Маленького мальчика с широко распахнутыми глазами, за которым ей нужно гнаться, нигде не видно. Она ищет его, медленно поворачиваясь на месте. Тени двигаются сквозь деревья, и их больше чем прежде. Она до ужаса боится, что какая-нибудь из них окажется слишком близко, боится, что узнает их лица и тогда сможет дать имена своим неудачам. Без маленького мальчика она не знает, в каком направлении идти, так что остается на месте. Голова болит. Сердце тоже. Ее желудок пуст. Как и ее руки.

Она не плачет. Она прилагает большие усилия к тому, чтобы не заплакать, опасаясь, что, начав, не сумеет остановиться. Но, дотронувшись ладонью до щеки, она чувствует влагу, а поднеся пальцы к губам, ощущает солоноватый вкус.

Она практически подпрыгивает на месте, практически вскрикивает, когда маленькая горячая ладошка берет ее за руку. Она ожидает, что это маленький мальчик, даже несмотря на то, что он всегда убегал и никогда не позволял ей дотрагиваться до себя, не позволял ей помочь ему. Она лишь хочет помочь. Старые раны начинают снова жечь. Наверняка в скором времени они будут обжигать. Но когда она смотрит вниз, то видит улыбающуюся ей девочку с рыжими волосами и серо-зелеными глазами. У нее не хватает одного зубика, а хвостики по бокам головы слегка вьются в моросящем дожде. Другой рукой девочка прижимает к себе огромную фиолетовую банку.

«Привет, — говорит она своим сладким голоском, так неуместным в этом пристанище мертвых. — Мне здесь не место. Ты можешь отвести меня домой?»

Девочка не ждет ответа. Она хочет сказать что-нибудь вроде «тебе нельзя разговаривать с незнакомцами», но почему-то эта малышка, так сильно выбивающаяся из окружения со своими большими глазами и недостающим зубом, кажется знакомой, поэтому она позволяет ей тянуть себя вперед по тропинке.
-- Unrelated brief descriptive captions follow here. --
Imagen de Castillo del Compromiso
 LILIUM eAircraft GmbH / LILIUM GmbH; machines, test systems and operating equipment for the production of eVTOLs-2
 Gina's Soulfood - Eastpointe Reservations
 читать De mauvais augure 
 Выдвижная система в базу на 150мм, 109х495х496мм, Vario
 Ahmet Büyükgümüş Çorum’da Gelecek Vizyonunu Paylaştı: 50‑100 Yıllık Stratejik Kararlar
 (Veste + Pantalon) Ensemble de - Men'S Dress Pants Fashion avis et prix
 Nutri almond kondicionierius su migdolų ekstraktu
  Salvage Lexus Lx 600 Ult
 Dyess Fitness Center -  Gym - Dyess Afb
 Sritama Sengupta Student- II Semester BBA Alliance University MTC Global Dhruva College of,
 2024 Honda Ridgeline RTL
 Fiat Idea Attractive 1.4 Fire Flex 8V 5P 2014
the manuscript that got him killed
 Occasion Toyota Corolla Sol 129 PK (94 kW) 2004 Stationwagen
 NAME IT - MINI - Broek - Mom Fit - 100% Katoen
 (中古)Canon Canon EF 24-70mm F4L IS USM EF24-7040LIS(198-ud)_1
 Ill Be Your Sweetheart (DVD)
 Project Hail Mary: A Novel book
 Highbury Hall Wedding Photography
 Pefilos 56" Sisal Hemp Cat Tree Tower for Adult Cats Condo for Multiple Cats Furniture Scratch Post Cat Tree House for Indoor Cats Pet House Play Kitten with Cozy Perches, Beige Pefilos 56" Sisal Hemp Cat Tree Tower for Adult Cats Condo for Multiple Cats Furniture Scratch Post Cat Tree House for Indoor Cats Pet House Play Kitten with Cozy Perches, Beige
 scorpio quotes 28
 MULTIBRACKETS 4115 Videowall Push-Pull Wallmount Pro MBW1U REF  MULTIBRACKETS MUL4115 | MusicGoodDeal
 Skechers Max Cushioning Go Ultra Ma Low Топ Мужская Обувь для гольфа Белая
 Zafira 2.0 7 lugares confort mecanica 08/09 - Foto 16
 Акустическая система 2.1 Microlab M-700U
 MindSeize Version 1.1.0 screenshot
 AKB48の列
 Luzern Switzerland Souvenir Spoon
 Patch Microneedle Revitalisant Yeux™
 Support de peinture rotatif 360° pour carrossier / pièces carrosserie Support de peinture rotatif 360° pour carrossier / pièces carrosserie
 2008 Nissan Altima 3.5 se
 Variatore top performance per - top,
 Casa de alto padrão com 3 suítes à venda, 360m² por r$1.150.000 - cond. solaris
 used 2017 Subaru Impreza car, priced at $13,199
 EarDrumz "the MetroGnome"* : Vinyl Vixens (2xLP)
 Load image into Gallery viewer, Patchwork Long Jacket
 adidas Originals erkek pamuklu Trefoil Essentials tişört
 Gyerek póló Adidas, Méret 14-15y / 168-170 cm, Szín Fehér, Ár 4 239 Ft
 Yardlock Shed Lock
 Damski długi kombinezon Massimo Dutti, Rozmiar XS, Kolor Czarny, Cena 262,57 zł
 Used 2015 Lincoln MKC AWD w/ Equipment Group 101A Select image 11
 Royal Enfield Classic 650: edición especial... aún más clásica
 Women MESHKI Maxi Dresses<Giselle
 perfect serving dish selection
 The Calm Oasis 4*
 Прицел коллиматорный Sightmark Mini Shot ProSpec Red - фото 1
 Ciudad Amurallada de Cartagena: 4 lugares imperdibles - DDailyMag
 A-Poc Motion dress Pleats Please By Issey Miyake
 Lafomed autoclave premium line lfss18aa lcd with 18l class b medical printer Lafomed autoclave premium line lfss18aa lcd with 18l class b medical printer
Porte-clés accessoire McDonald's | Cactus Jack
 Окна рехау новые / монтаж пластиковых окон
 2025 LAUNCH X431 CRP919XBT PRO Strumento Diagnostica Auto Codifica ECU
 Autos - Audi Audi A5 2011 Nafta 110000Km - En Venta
«Ты голодна? — спрашивает девочка, пройдя всего дюжину шагов. — У меня есть печенье, правда, осталось не так уж много. Маме придется сделать еще. Я буду помогать. Можешь съесть одно, если хочешь».

Она говорит это с таким великодушием, с каким маленькая королева посвящает в рыцари достойного этого звания солдата.

Несмотря на то, что желудок урчит от голода, она отрицательно качает головой.

«Ты знаешь, что твое платье очень некрасивое?»

Это заставляет ее улыбнуться.

«Не смотри вверх, — предупреждает ее маленькая девочка. — Там напуганная».

Получив такое предупреждение, она не может не посмотреть. Она поднимает взгляд, но вместо привычного тумана видит молодую девушку, сидящую на дереве. Ее длинные рыжие волосы слиплись от пота, а глаза кажутся дикими от пережитого страха. Одной рукой девушка держится за ветку, а в другой сжимает отвертку. Большинство пуговиц на ее блузке расстегнуты. Даже с такого расстояния видна цепочка засосов на ее коже, начинающаяся от груди и идущая к шее.

«Убирайся, — шипит девушка на дереве. — Они приближаются. Они увидят тебя. Они увидят тебя, если ты останешься здесь. Они убьют тебя... в лучшем случае. Ты знала, что бывают вещи хуже смерти? Я — нет. Я не знала».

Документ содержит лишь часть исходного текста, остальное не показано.